Kutumbi's son, Bako, whose exploits in Katsina earned him the title "Jarumi" (Warrior) also assumed much power. With six hundred horses and a heavy cavalry of ninety mailed horsemen, he had a formidable force under is command. The Kano Chronicle states that no prince compared to him "in doing good, or doing ill, in courage, anger, and generosity, he was like a Sarki even while he was only a prince". His ascension to the throne in the case of his father's death was feared by his rivals who prayed for the Jarumi's death. Other accounts state that, foreseeing a civil war after his father's death, Bako himself prayed to die to avoid it. Nevertheless, he died before his father.

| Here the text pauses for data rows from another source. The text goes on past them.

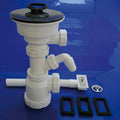 Sifón botella extensible t-2er  1  1/2 con rebosadero, válvula y tapón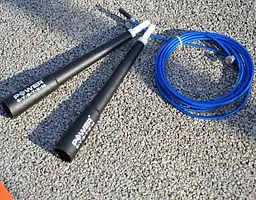 Скакалка швидкісна Power System PS-4033 Crossfit Jump Rope Blue 2,8 м (PS-4033_Black-Blue) - мініатюра 5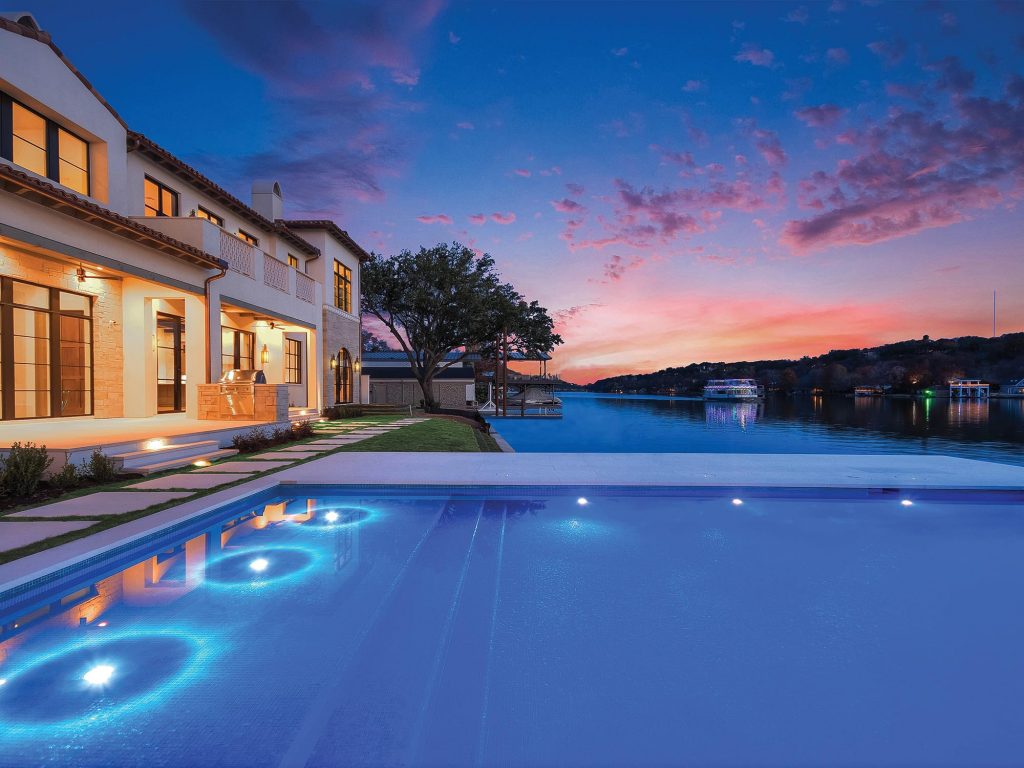 Exquisite Lake Austin Estate on the Front Cover of LHM Austin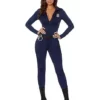 Adult Police Officer Catsuit Costume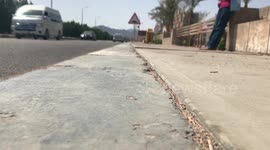 Traveller Leaving Mosque In Sharm El Sheikh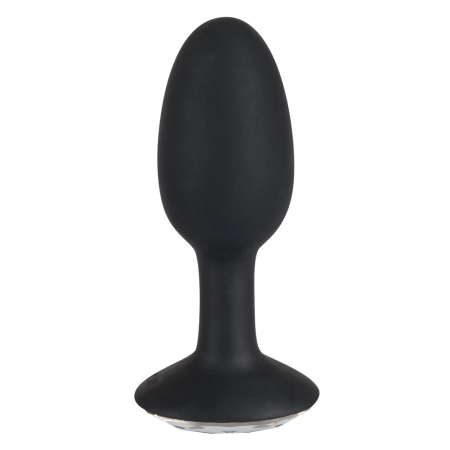 You2Toys Anal Plug S Black Silicone with Decorative Gem 8.5cm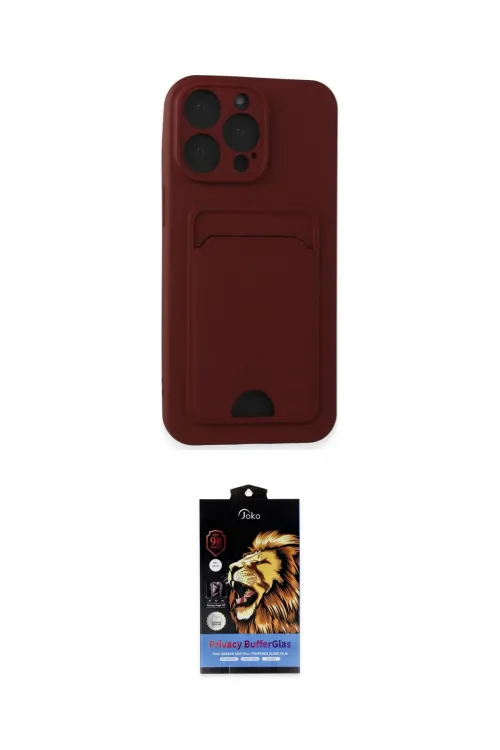 ieg™ iPhone 14 Pro Max Kılıf Vadi Çizgi Prime - Siyah Buffer Hayalet Cam Ekran Koruyucu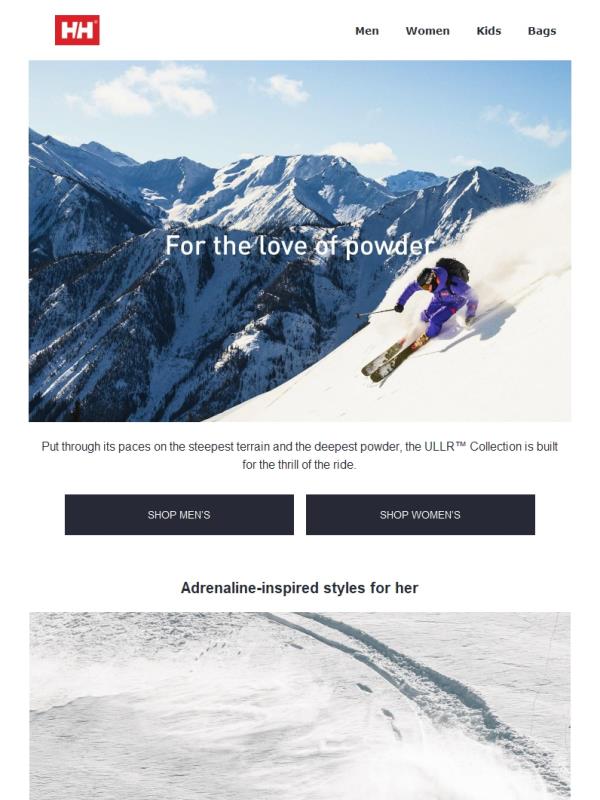 For the steepest terrain and the deepest powder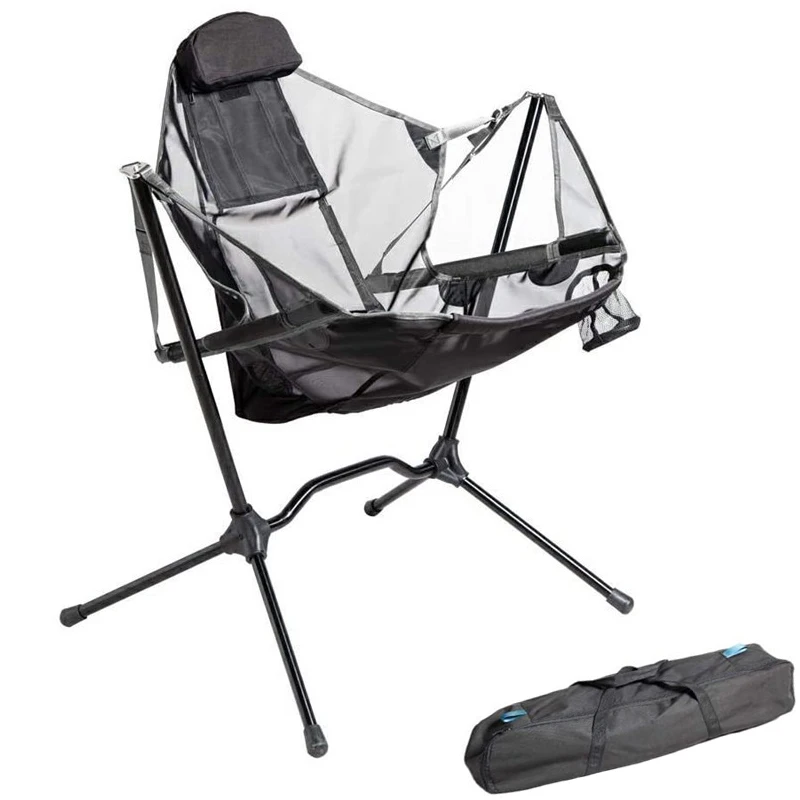 Outdoor Rocking Chair Stargaze Recliner Luxury Camp Chair Relaxation Swinging Comfort folding fishing chair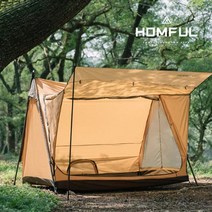 기타 HOMFUL 캠핑 텐트 3인 텔리텐트 비바돔 오크돔 스프링바텐트 장박 에이형, 없음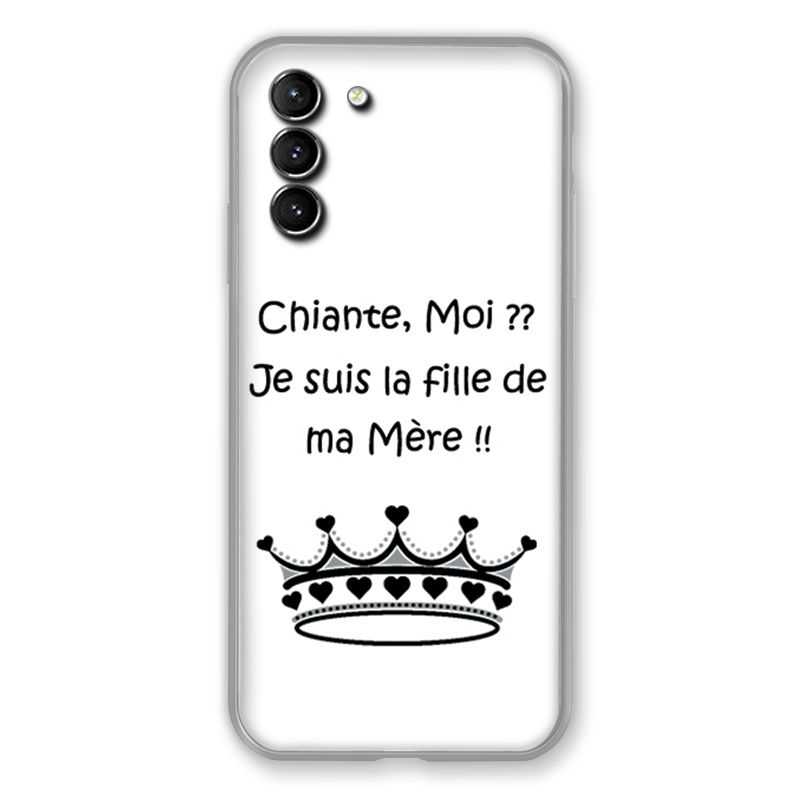 Coque Pour Samsung Galaxy S21 Plus Humour Moi Chiante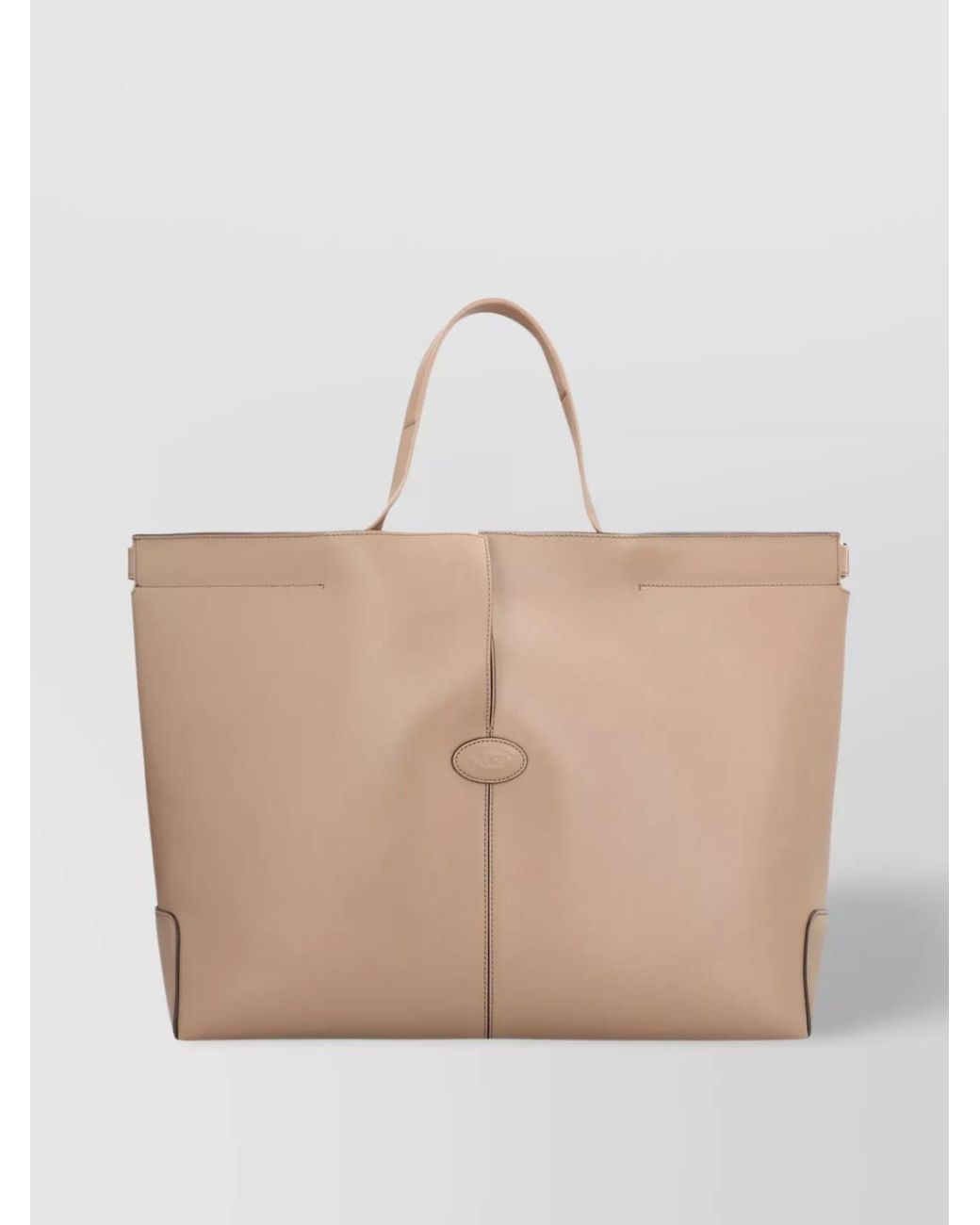 Tod's Natural Leather Tote Bag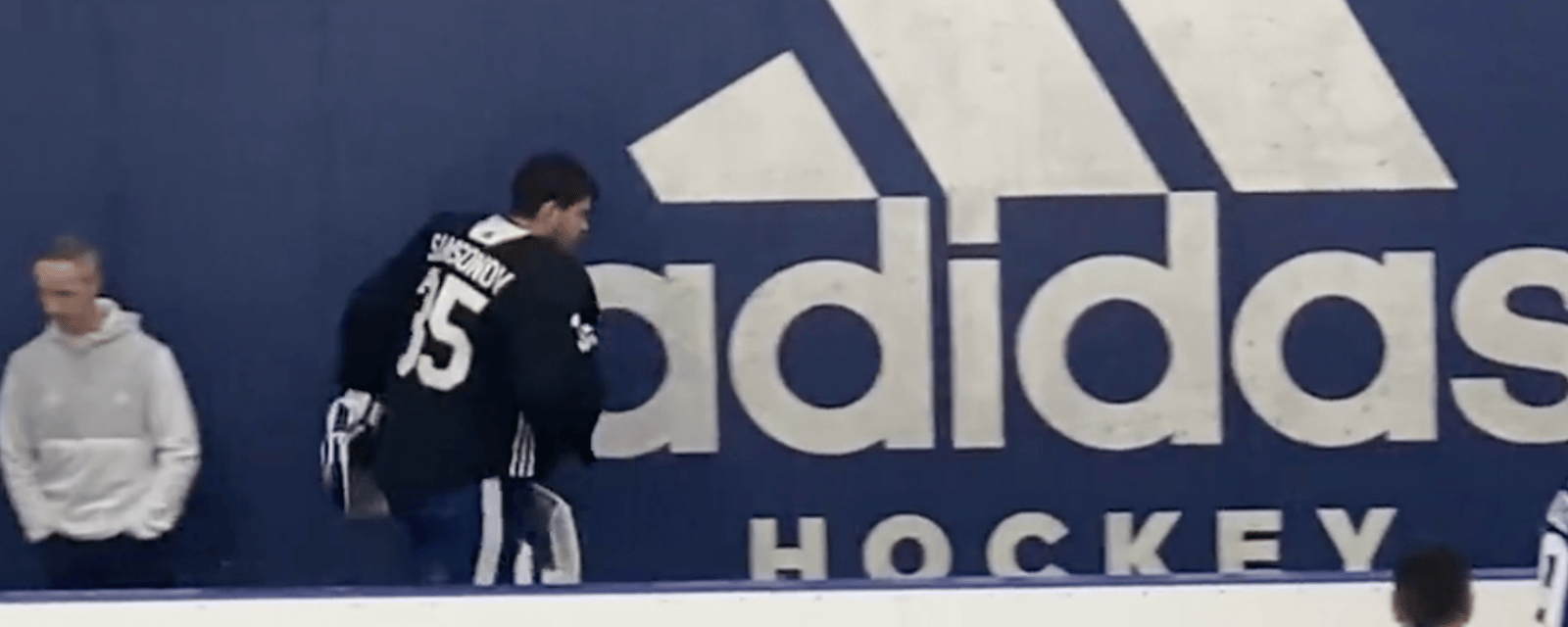 Ilya Samsonov “in distress”, leaves Leafs practice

=== Other Cabinet members ===
Alwali introduced the titles of "Barde Kerreriya", and that of "Sarkin Shanu"; who was in charge of the state's cattle. He first gave the latter title to his slave, Ibo, later known as Ibo na Kutumbi. He also created the title of "Sarkin Samari", the leader of the Sultan's younger slaves, a title he gave to a man called Mandawali. Subsequently, he created the titles of "Sarkin Dogarai" (Leader of the Royal Guard), and Sarkin Shamaki, and appointed a new "Sarkin Sirdi" (in charge of horse saddles).

=== Taxation ===
Alwali was the first Sultan to impose taxation of Fula herders. He invented a new government tax known as "Jangali", which entitled the State to hundreds of cows.

== Wars and conquests ==

=== Bauchi ===
Alwali's Sarkin Dawaki, Magara, went to war against Bauchi and was victorious. On his way back from Bauchi, he created a new settlement at Ganjua, and sent the Sultan two thousand slaves. The Sultan took offense to Magara's new colony and went to attack the Sarkin Dawaki a year later where he forced him to pay a tax and left five hundred of his slaves there.

=== Gombe ===
Alwali was said to have defeated and sacked the city of Gombe two years after his first expedition in Bauchi.

=== Katsina ===
"Alwali shutter of the great gate, Kimbirmi, shutter of the great gate"

Kano's sister state, Katsina, had been its principal foe in the region. Kano gained the upper hand when it took the strategically located Karaye under Alwali's father's reign and the Wambai Giwa was able to enjoy great successes against them. Alwali's first war with Katsina was in the form of a siege. He camped at Dugazawa where he prevented entry and exit from the State and collected much booty from them. The prince of Kano, Jarumi Bako, also defeated Turmin Dan Ranko, a city in Katsina, earning much spoil.

Alwali's second battle with Katsina was, however, much less fruitful. He camped towards the western part of the gate but the army of Katsina launched a surprise attack that sent the men of Kano into flight. In this retreat, a Katsina warrior, Kumaza, attacked Alwali with a spear but was killed by Dan Maji Zartaki before he could finish the job. Kano's army took flight with Katsina in hot pursuit until they reached Yashi.

== Death and succession ==
El Kutumbi died of the battle wounds sustained in Katsina three days later. While some accounts say he died in Katsina, the better version is that he died in Kano. Muhammad Alwali I was the last Kano Sultan to die in battle until Muhammad Alwali II during the Fula Jihad.

El Kutumbi was succeeded by his son Al Haji who was quickly deposed. His grandson and Al Haji's son, Shekarau, was then elected Sultan, under whose reign Kano and Katsina would sign a lasting peace treaty brokered by Islamic scholars.